L’essentiel du microbiote humain se trouve au niveau de l’intestin et dans l’ensemble du tube digestif. Cependant, on trouve aussi des bactéries du microbiote à la surface de la peau et dans des cavités (nez, vagin, etc.).

On parle en général DES microbiotes humains. Si l'on se contente de parler DU microbiote au singulier, on fait généralement référence à celui du tube digestif et en particulier de l’intestin puisque qu’on y trouve plusieurs dizaines de milliers de milliards de bactéries. Les microbiotes et en particulier celui de l’intestin contiennent des bactéries de type bactéroïdes, actinobactéries, firmicutes, etc. En réalité, l’ensemble de ces bactéries varie d’un individu à un autre.

 

II. Mise et développement du microbiote humain

 

A. Formation et différenciation

Le microbiote se forme et se différencie au cours de l’enfance. Une hypothèse voudrait que les premières bactéries colonisent le tube digestif in utero (dans le ventre de la mère). On a longtemps considéré ce milieu stérile, mais on commence à constater que cette première colonisation pourrait avoir lieu durant le développement embryonnaire et fœtal.

Puis, les bactéries se mettent en place durant l’enfance de l’individu en fonction de l’alimentation et elle prolifèrent dans l’intestin. A l’issue de la formation, vers 3 ans, et en fonction de la différenciation et de l’alimentation, plus de 10 000 milliards de bactéries sont présentes (1 à 2 kg de bactéries dans le tube digestif d’un individu adulte).

 

B. Évolution du microbiote après la formation

Le microbiote varie en fonction du vécu de la personne et notamment :

- De sa consommation d’antibiotiques : ces derniers tuent les bactéries qu’elles soient pathogènes ou non. Les antibiotiques influencent donc la variété et la diversité des bactéries dans le tube digestif.

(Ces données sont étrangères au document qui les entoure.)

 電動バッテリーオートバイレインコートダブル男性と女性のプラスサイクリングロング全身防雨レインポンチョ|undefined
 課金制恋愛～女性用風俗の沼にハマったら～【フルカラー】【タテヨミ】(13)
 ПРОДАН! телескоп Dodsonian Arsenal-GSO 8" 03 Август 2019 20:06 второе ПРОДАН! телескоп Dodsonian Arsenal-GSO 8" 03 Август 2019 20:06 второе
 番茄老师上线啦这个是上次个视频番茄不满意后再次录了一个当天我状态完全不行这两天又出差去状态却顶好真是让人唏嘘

-  De son alimentation, qui peut favoriser la diversité et le bon état du microbiote si elle est riche en fibres, fruits et légumes.

 

III. Interactions du microbiote avec le corps humain

 

A. Digestion

La fonction principale est une aide à la digestion. Les bactéries sont capables, grâce à des enzymes, de digérer la plupart des aliments que l’individu serait incapable de dégrader seul.

 

Exemple de l'obésité : On compare une personne souffrant d’obésité (à gauche) et une autre avec un poids standard (à droite).

 

 

Il est montré que la diversité de leur microbiote n’est pas la même : chez les personnes obèses, le microbiote est moins diversifié, il y a moins de bactéries différentes. La nature des microorganismes est également différente. On prélève les microorganismes du microbiote intestinal chez ces deux personnes et on les injecte dans le tube digestif de souris dont le poids est standard.

On constate que les souris ayant reçu les bactéries de la personne obèse grossissent rapidement. En quelques semaines, elles développent de l’obésité et sont plus sensibles à une prise de poids rapide. Pour l’autre souris, l’injection du microbiote de la personne mince ne la fait pas grossir dans les semaines qui suivent.

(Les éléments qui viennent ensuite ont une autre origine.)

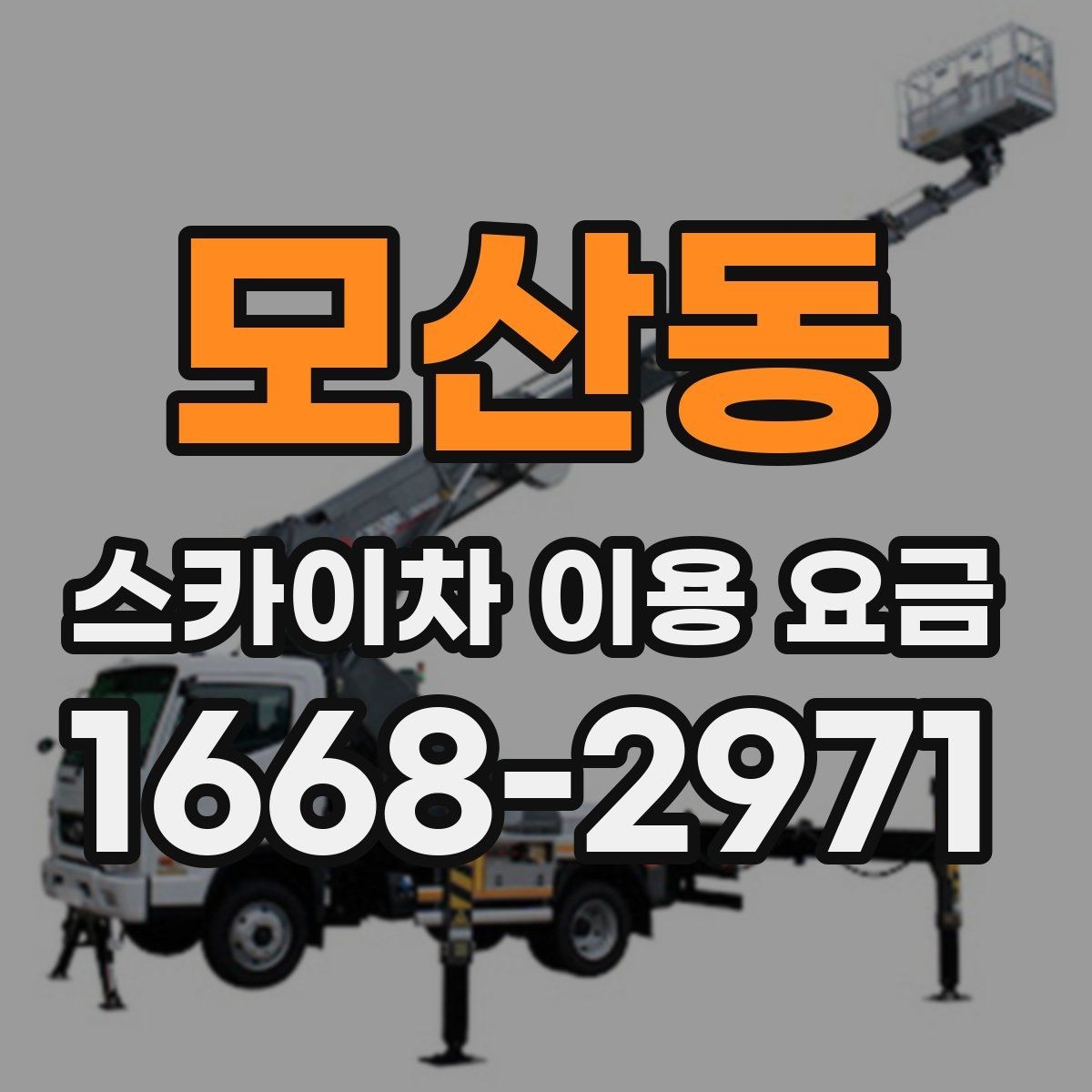 모산동 스카이차 이용 요금 정리와 현장별 고려사항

Il existerait donc une relation entre la diversité et la nature des organismes du microbiote intestinal et l’obésité.

 

B. Intervention dans l’immunité

Le microbiote digestif aurait également un lien avec notre système immunitaire. Ces bactéries créent en effet une barrière contre des organismes pathogènes. Elles permettraient également la production de certaines molécules anti-inflammatoires donc protectrices. Ainsi, avoir un microbiote en bonne santé, diversifié et des microorganismes en quantité importante participe à la protection de l’organisme.

 

C. Mise en relation avec d’autres facteurs et maladies

Il existe aussi des corrélations ou relations entre le stress, la croissance, le bien-être et la bonne qualité du microbiote intestinal. Aucun lien de cause à effet n’a été mis en évidence, cela reste encore à démontrer. Ces corrélations poussent à effectuer des recherches plus poussées visant à préciser les relations mentionnées précédemment.

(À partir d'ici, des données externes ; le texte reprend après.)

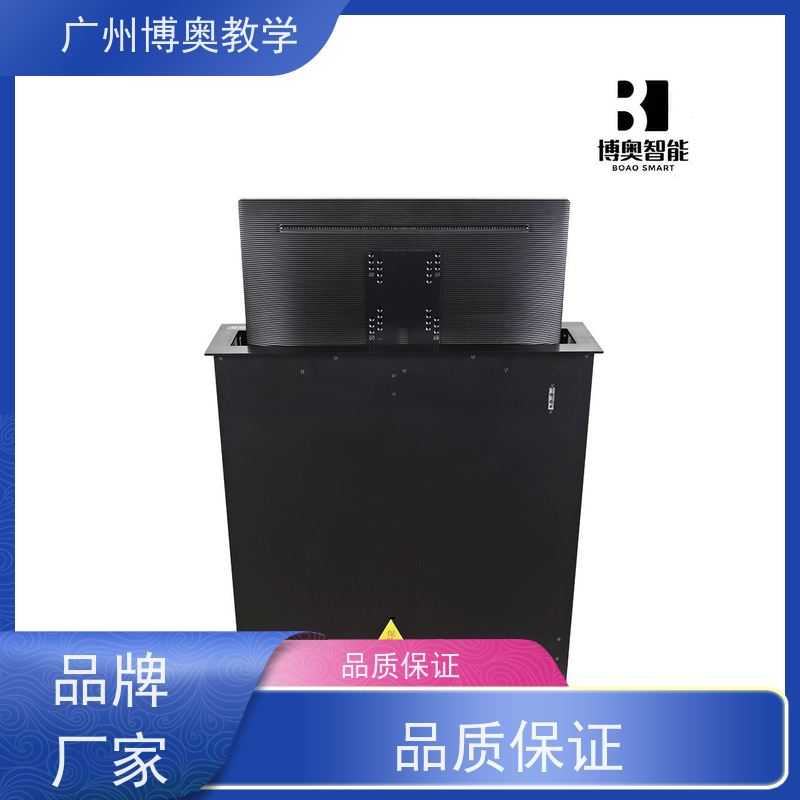博奥教学电动显示器升降器国标氧化铝面板厂家定制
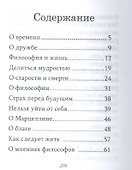 Нравственные письма к Луцилию - 1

Elles ont été mises en évidence notamment grâce au lien entre certaines maladies et une dysbiose, c’est-à-dire un déséquilibre du microbiote. Elles permettent actuellement d’ouvrir des pistes de recherche ou des pistes thérapeutiques. On pense en effet que le dysfonctionnement du microbiote serait à l’origine de certaines maladies, de cancers, voire de la maladie d’Alzheimer.